The weather phenomenon has been described as acting like a "boulder in the scree" by BBC weather experts. Storms continue to blow around the west coast of Ireland and north of the Scottish mainland. The central mainland area in Europe has recently suffered several metres of snowfall, Austria has been particularly badly affected
The atmospheric conditions which engulfed the British Isles on Thursday night has imposed clear blue skies, bitterly cold starry nights and hardly any wind. Night frosts, the first of the winter season, greeted most areas in Britain with thick fog lingering in the countrysides.
One UK newspaper has requested its readers send in their photographs of sunsets. The Daily Telegraph has acknowledged the combination of low sun, blue skies and red evening skies is producing some stunning sunsets likely to form over the weekend. The response so far
has been overwhelming. The settled conditions replace weeks of rain, high winds and exceptionally mild temperatures. The average temperature for London in January is 6c (43f) by day and around 4c (39f) in central Scotland. But even night time lows have hovered well above these levels with some areas in southern England recording 14c (57f)
on New Years Eve, warmer than the north African state of Morocco.

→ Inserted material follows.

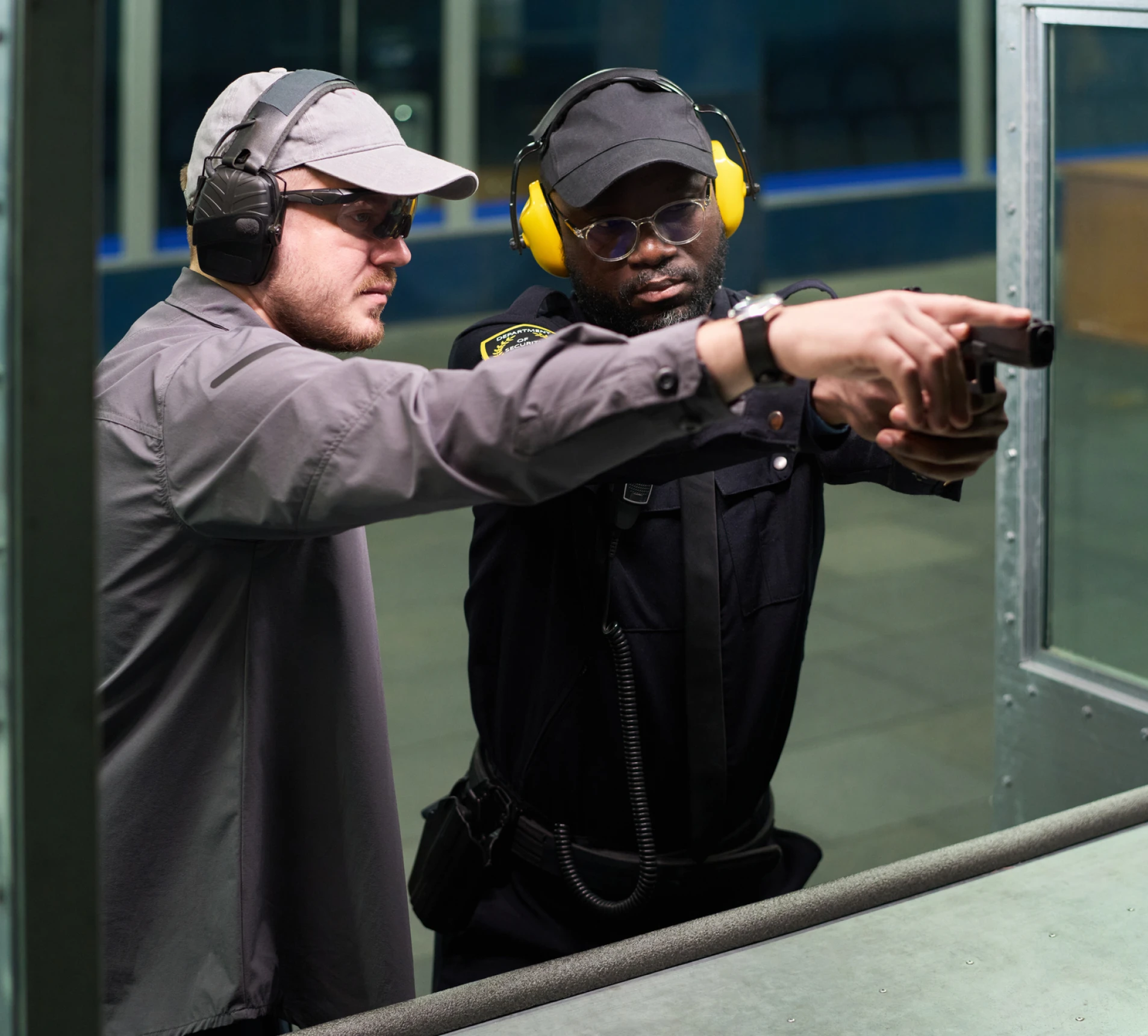 Two men at indoor shooting range.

Sunsets have always been a source of attraction to amateur photographers and Richard Halfday
, a photographer and blogger, wrote about the time he met celebrity photographer David Bailey:
Olympus ran an advert featuring a photographic competition the winning photo was Sunset over Stevenage Station by David Bailey he must have be standing a couple of feet from I was standing. I went out and bought my first "proper" camera haven’t looked back since.
The high pressure system is set to remain stagnate over the British Isles until at least Monday.